* **Required action**
With the pictures removed, reproduce exactly the lines from the one that contains "Success Through Less" through the last line of the entries below.

* **Dataset records**

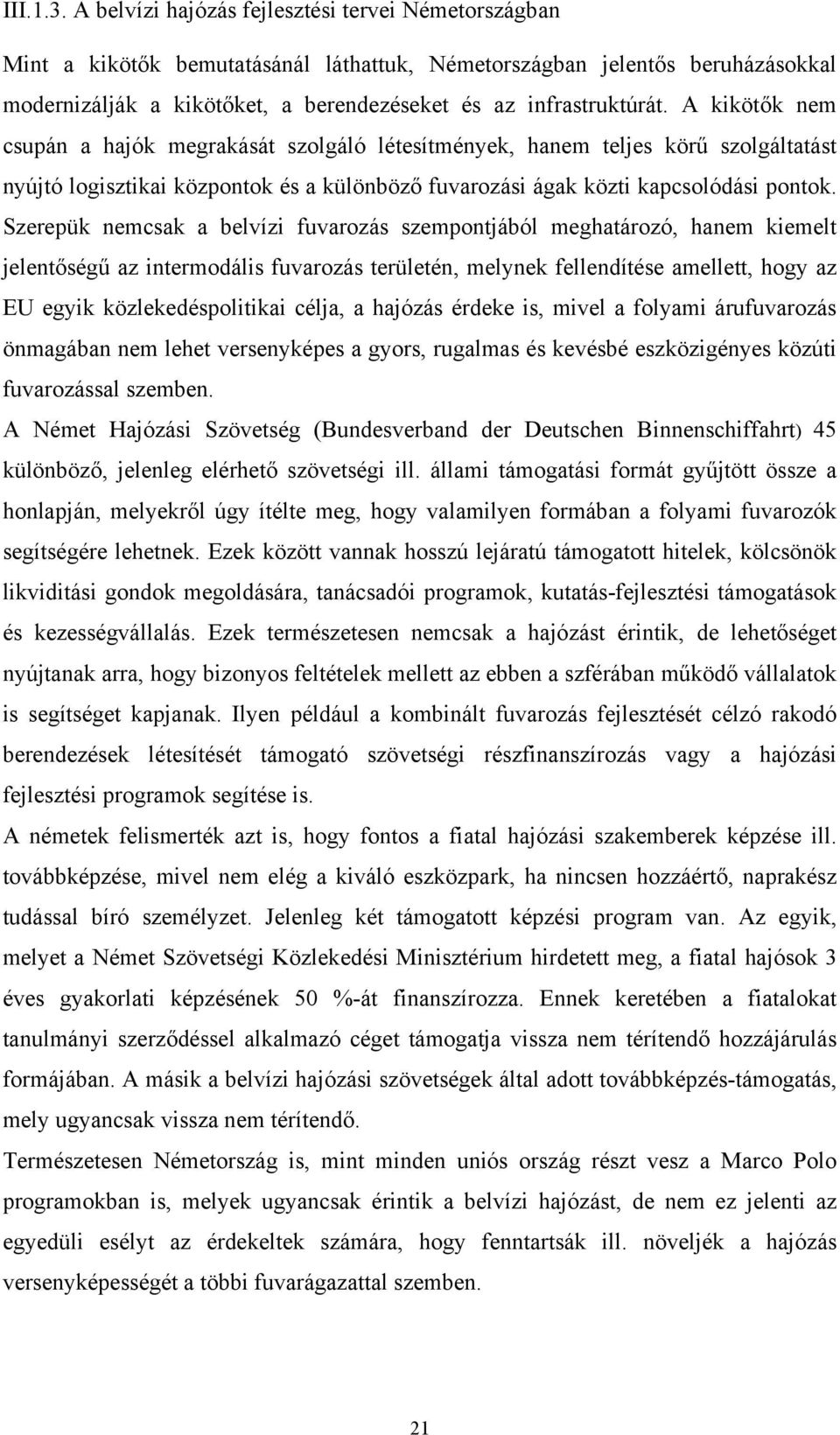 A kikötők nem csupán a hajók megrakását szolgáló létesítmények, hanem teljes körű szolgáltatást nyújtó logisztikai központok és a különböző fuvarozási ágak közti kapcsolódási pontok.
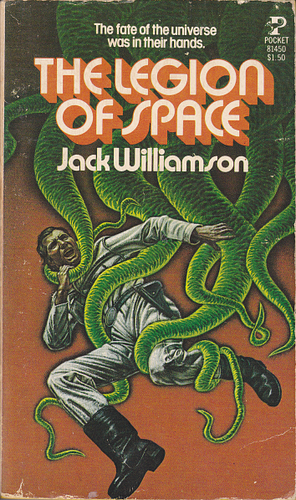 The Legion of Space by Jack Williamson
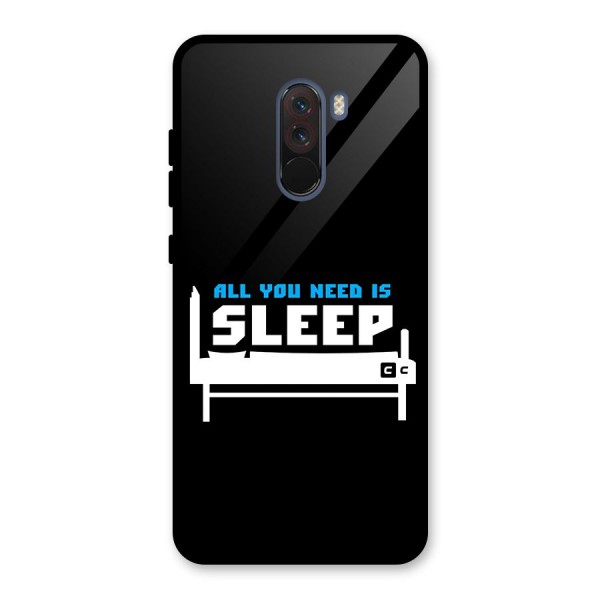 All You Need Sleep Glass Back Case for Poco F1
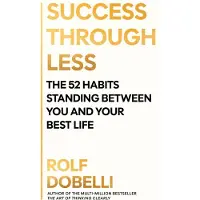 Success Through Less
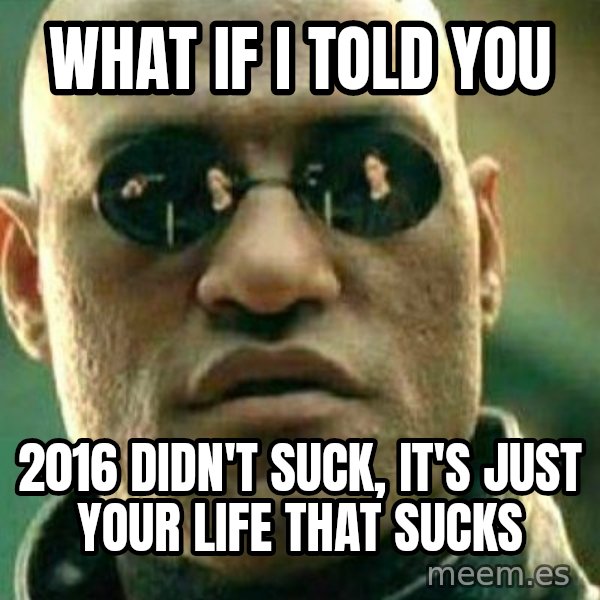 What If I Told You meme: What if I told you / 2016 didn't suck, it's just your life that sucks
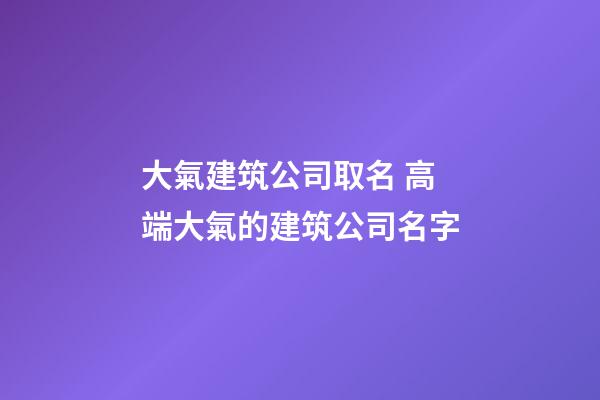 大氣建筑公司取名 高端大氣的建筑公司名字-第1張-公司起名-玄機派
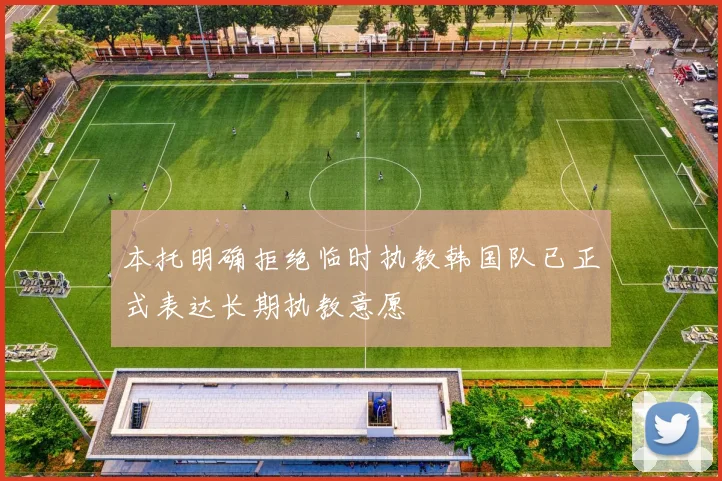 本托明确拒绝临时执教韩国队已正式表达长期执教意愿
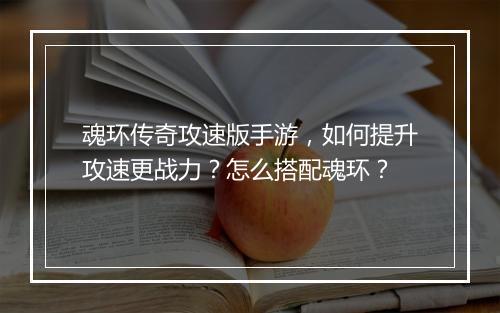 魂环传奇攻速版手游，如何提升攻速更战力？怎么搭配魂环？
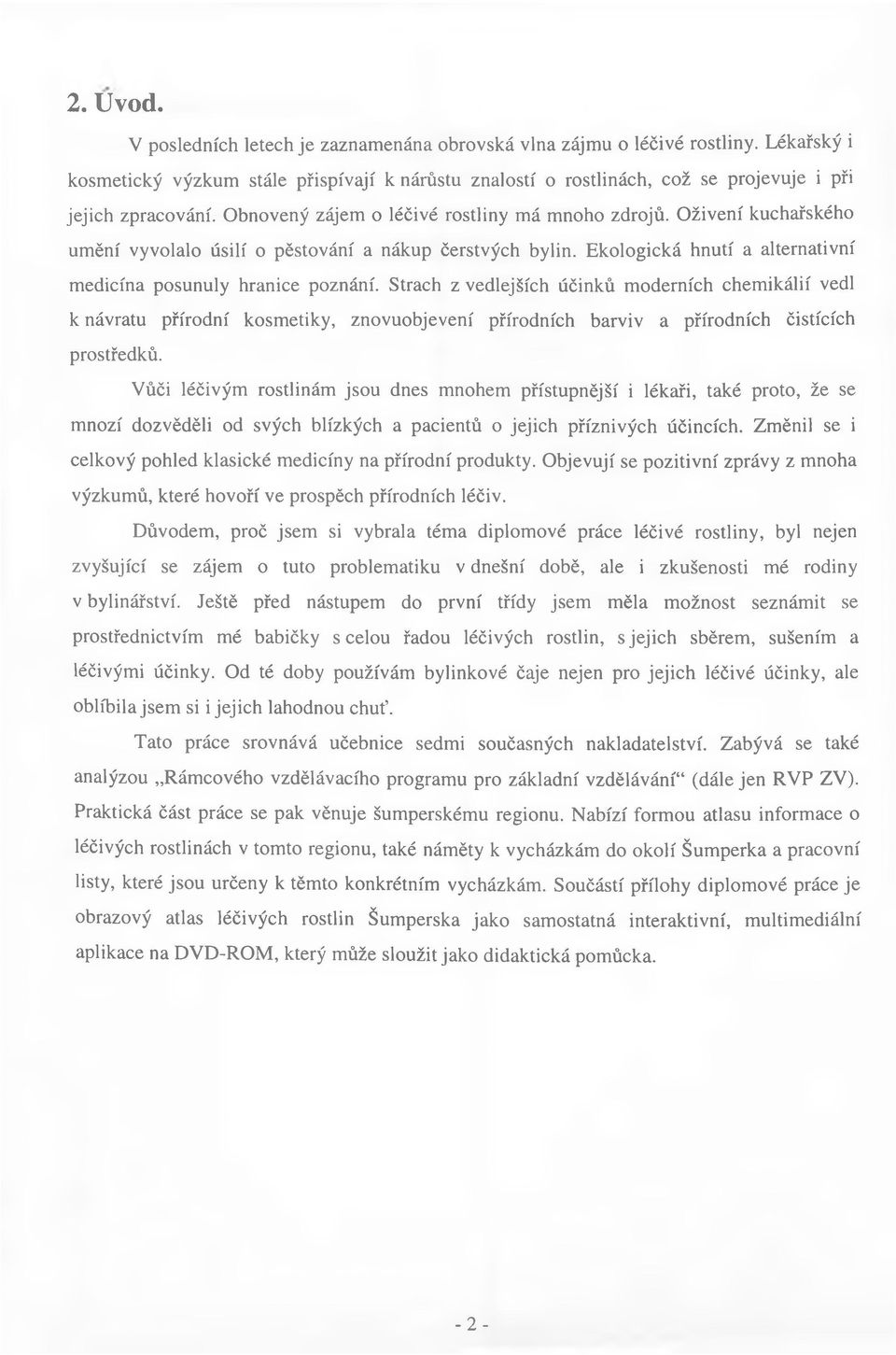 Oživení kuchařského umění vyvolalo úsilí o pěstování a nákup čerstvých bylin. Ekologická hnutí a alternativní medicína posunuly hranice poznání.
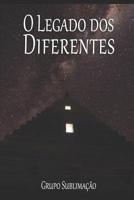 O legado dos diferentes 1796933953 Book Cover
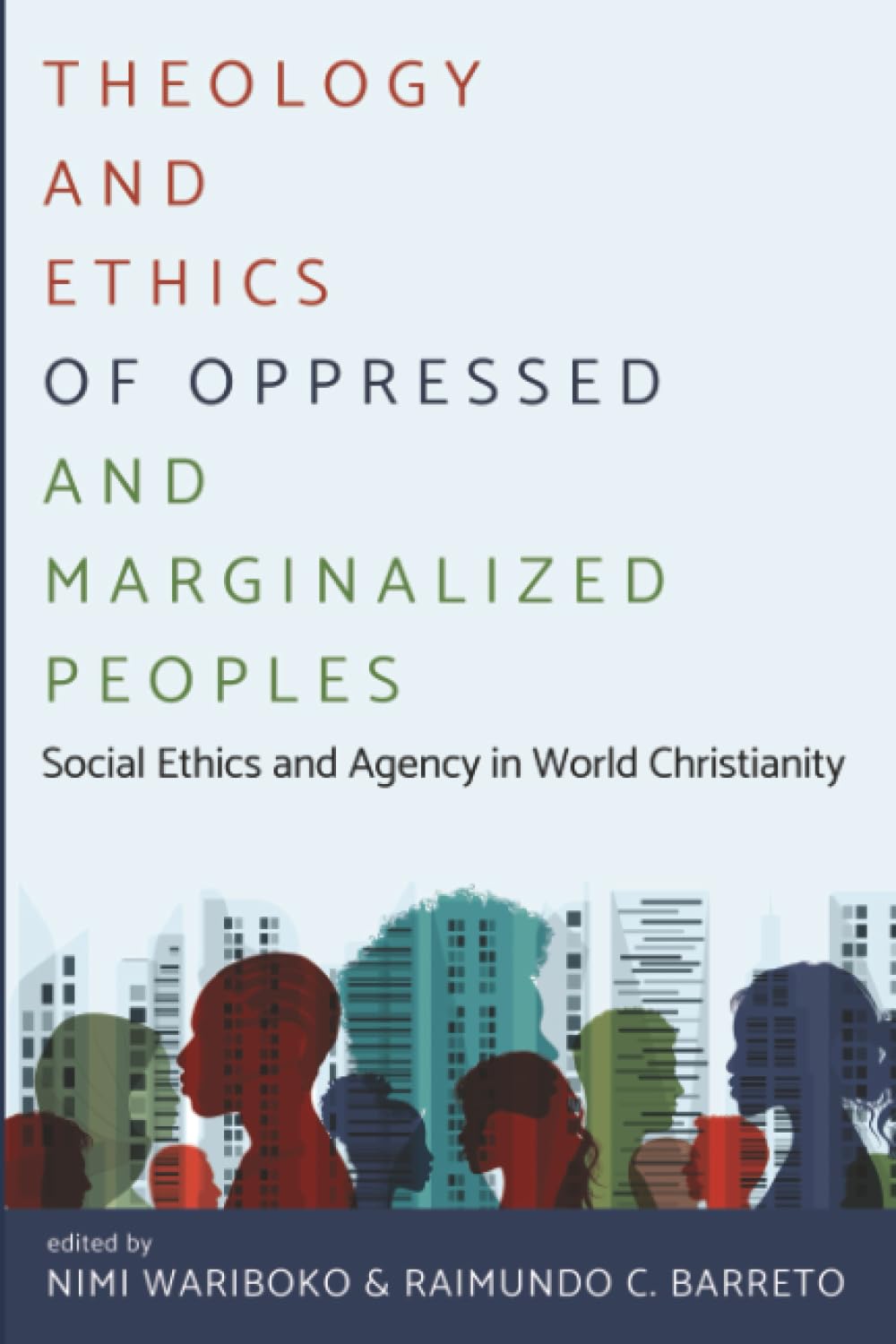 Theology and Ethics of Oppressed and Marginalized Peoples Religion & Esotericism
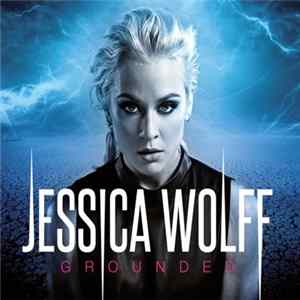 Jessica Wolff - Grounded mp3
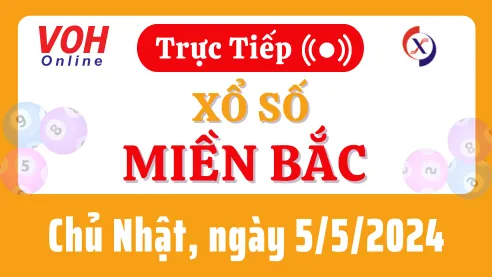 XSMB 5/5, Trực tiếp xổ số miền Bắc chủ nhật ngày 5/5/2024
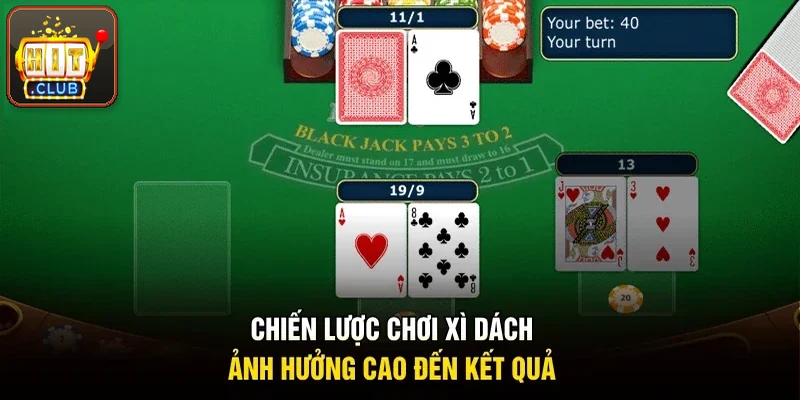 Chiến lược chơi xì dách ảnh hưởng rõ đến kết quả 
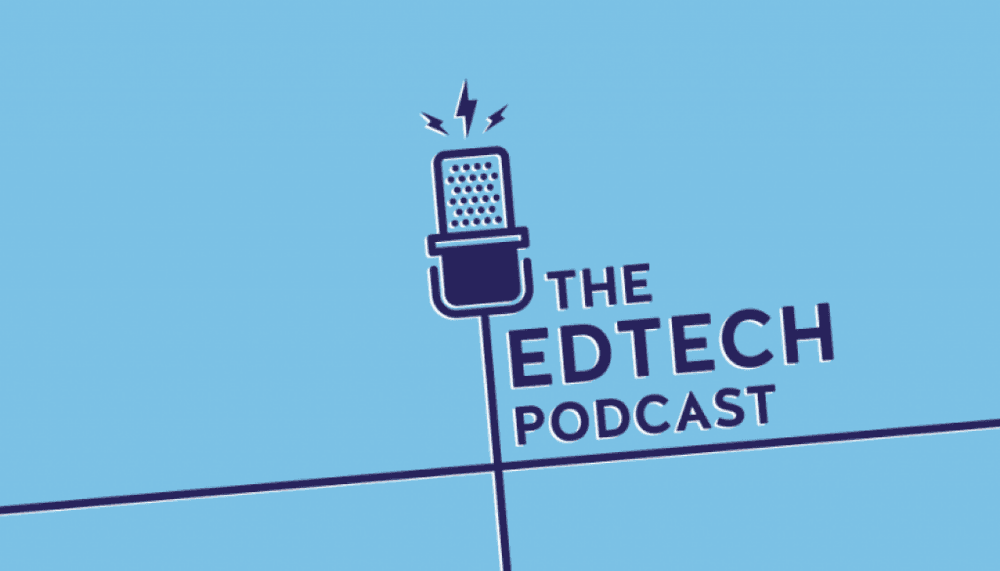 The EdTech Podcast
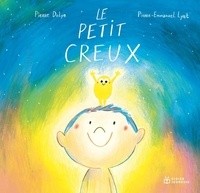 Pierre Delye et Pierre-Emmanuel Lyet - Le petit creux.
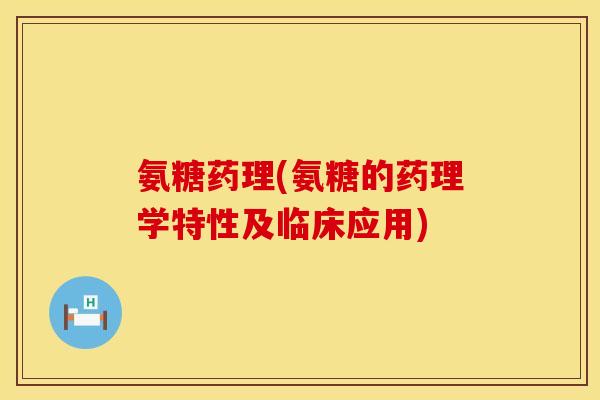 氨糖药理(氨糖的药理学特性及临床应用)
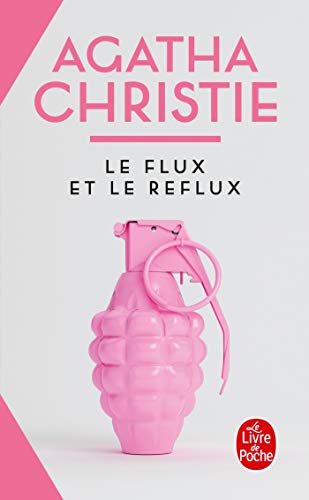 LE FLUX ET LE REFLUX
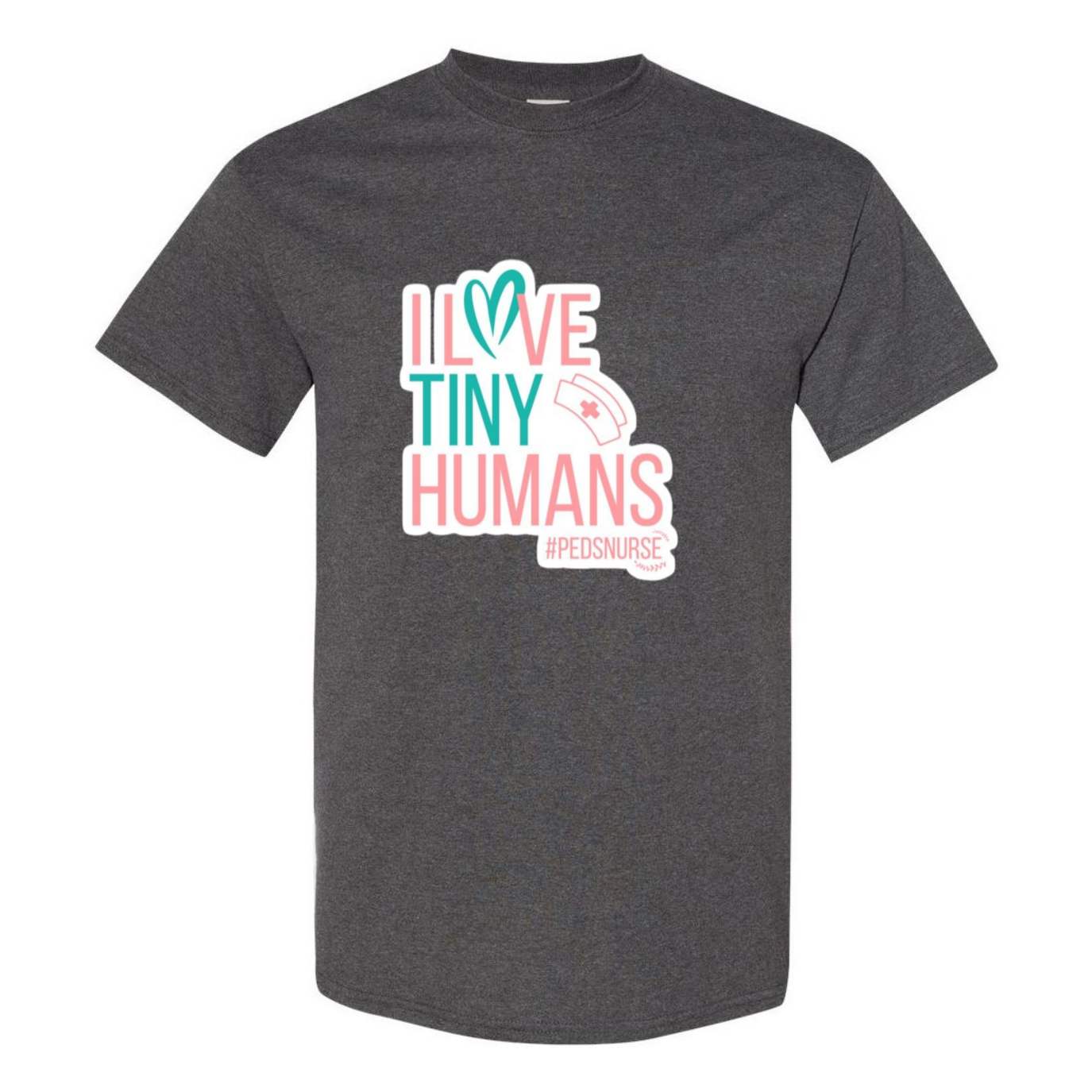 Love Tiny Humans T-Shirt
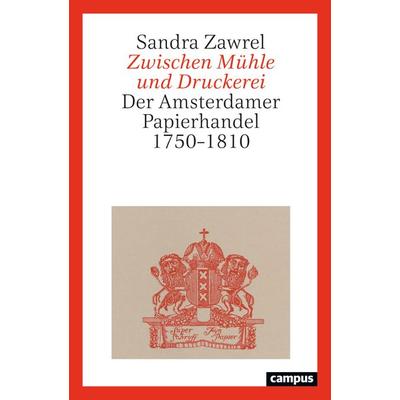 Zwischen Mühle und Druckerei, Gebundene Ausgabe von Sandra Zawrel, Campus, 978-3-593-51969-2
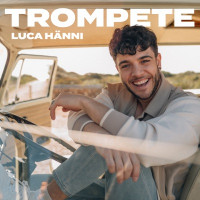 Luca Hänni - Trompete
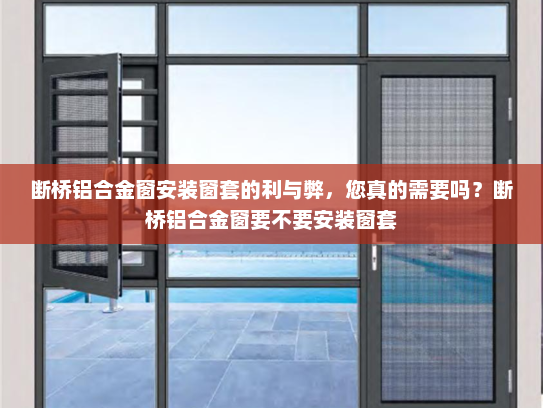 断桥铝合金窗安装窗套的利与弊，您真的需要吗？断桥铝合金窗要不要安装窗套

* **Expected answer**
 Success Through Less
 What If I Told You meme: What if I told you / 2016 didn't suck, it's just your life that sucks
 大氣建筑公司取名 高端大氣的建筑公司名字-第1張-公司起名-玄機派
 本托明确拒绝临时执教韩国队已正式表达长期执教意愿
 魂环传奇攻速版手游，如何提升攻速更战力？怎么搭配魂环？
 Oživení kuchařského umění vyvolalo úsilí o pěstování a nákup čerstvých bylin. Ekologická hnutí a alternativní medicína posunuly hranice poznání.
 O legado dos diferentes 1796933953 Book Cover
 Theology and Ethics of Oppressed and Marginalized Peoples Religion & Esotericism
 Jessica Wolff - Grounded mp3
 XSMB 5/5, Trực tiếp xổ số miền Bắc chủ nhật ngày 5/5/2024
 Chiến lược chơi xì dách ảnh hưởng rõ đến kết quả 
 The EdTech Podcast
 Pierre Delye et Pierre-Emmanuel Lyet - Le petit creux.
 氨糖药理(氨糖的药理学特性及临床应用)
 LE FLUX ET LE REFLUX
 Love Tiny Humans T-Shirt
 Zwischen Mühle und Druckerei, Gebundene Ausgabe von Sandra Zawrel, Campus, 978-3-593-51969-2
 Luca Hänni - Trompete
 断桥铝合金窗安装窗套的利与弊，您真的需要吗？断桥铝合金窗要不要安装窗套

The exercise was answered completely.